Dengan tatapan nanar penuh harap, sambil mendekap Aditia dalam gendongannya, berujar sembari berharap, semoga TPA Alak jangan terbakar lagi, pasalnya, jika terbakar lagi, seluruh bau menyengat bercampur aduk menyeruak keluar, bahkan bau yang tak pernah dihirup sekalipun. “Semoga tidak terbakar lagi, kalau terbakar, bau yang datang campur aduk, apa yang tidak pernah dihirup, kita hirup bau harbabiruk (segala macam, sembarangan)”harap Vince.

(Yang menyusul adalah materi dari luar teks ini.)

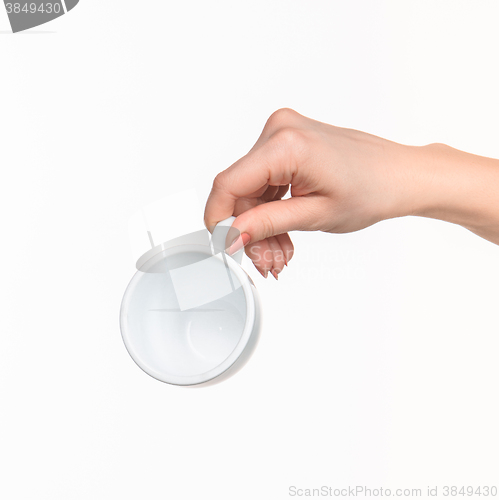 Image of Woman hand with cup on white background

Pengakuan lain datang juga dari bocah 10 tahun, Anus Iba, siswa kelas 4 SD Negeri Alak, saat ditemui di lokasi TPA Alak, antara malu dan enggan bercerita, nampak kucel dengan kaki di penuhi koreng yang dikerubutin lalat, perlahan dari mulutnya menceritakan, asap kebakaran di lokasi TPA, menyebabkan dirinya mengalami berbagai penyakit, dari batuk, pilek hingga mata terasa perih, namun kondisi tersebut mau tak mau harus dijalani dan tetap beraktivitas, pulang pergi ke sekolah, usai itu, bersama teman-teman sebaya tetap harus ke TPA, mengais sampah kardus dan botol, untuk dapat dijual lagi demi membeli beras untuk makan hari – hari sekeluarga.

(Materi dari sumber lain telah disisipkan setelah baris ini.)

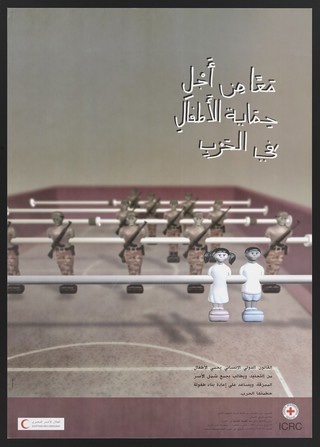 Military figures behind two children as figures on a table football game, representing the International Committee of the Red Cross in Egypt. Colour lithograph by Creco Adv., ca. 2000.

“Waktu TPA Alak terbakar, asap masuk rumah, kita ada sakit, pilek batuk, tapi pagi ke sekolah dan pulang sekolah tetap datang di TPA, kita sudah biasa,”tutur Anus.

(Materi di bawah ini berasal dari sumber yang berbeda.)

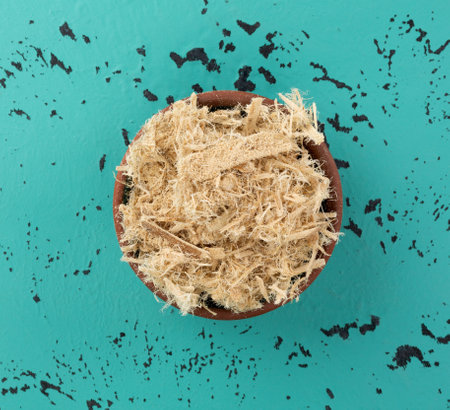 Overhead view of a small bowl filled with shredded slippery elm bark on a tabletop.の写真素材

Kisah kebakaran TPA Alak juga meninggalkan rasa cemas dan ketakutan, Nur Fauziah ibu hamil yang tinggal di pemukiman RT/RW 23/07, Kelurahan Alak, kembali mengingat saat TPA pertama kali terbakar di tahun 2022, kondisi malam hari menjadi sangat gelap ditutupi kepulan asap hitam tebal dengan jarak pandang terbatas, asap yang berbau amat menyengat perlahan menyeruak masuk menyelumuti seluruh ruangan rumah tinggal, menyisakan cerita pengalaman lara tak terdengar.
“Asap hitam dan berbau, sampai tidak bisa bernapas, kita dikepung asap, pokoknya jangan lagi, cukup sudah, ngeri, beta (saya) tidak mau lagi,”kenang Nur Fauziah.
Belum hilang rasa trauma kebakaran TPA Alak dalam dua tahun belakangan, tahun 2024 kembali terbakar lagi saat kondisi Fauziah tengah mengandung 4 bulan, membekas menyisakan derita gangguan pernapasan, kontraksi, hilang nafsu makan, menderita iritasi, radang tenggorokan hingga rasanya terbakar sampai hilang suara.
Dirinya mengaku, harus keluar masuk rumah sakit berkali kali, hanya untuk mendapat perawatan pernapasan, selalu cemas, takut akan keselamatan dirinya dan janin yang dikandung. punya riwayat penyakit Asma dan di tambah asap akibat kebakaran TPA Alak, membuat Fauziah juga mau tak mau harus merogoh kantong untuk ekstra pengeluaran untuk membeli alat bantu pernapasan dan obat-obatan, persediaan pertolongan pertama jika kondisi sesak napas di tengah malam, karena jarak rumah sakit kurang lebih 11,3 km dengan rute tercepat 21 menit berkendara.
“Saya beli alat napas sendiri, karena saya riwayat asma, untuk jaga-jaga apalagi jika malam hari hitam pekat, mau lari kemana, anak-anakpun mengeluh, mau tidur bernafas rasanya telan ludah seperti ada kaleng terbakar,”tambah Nur.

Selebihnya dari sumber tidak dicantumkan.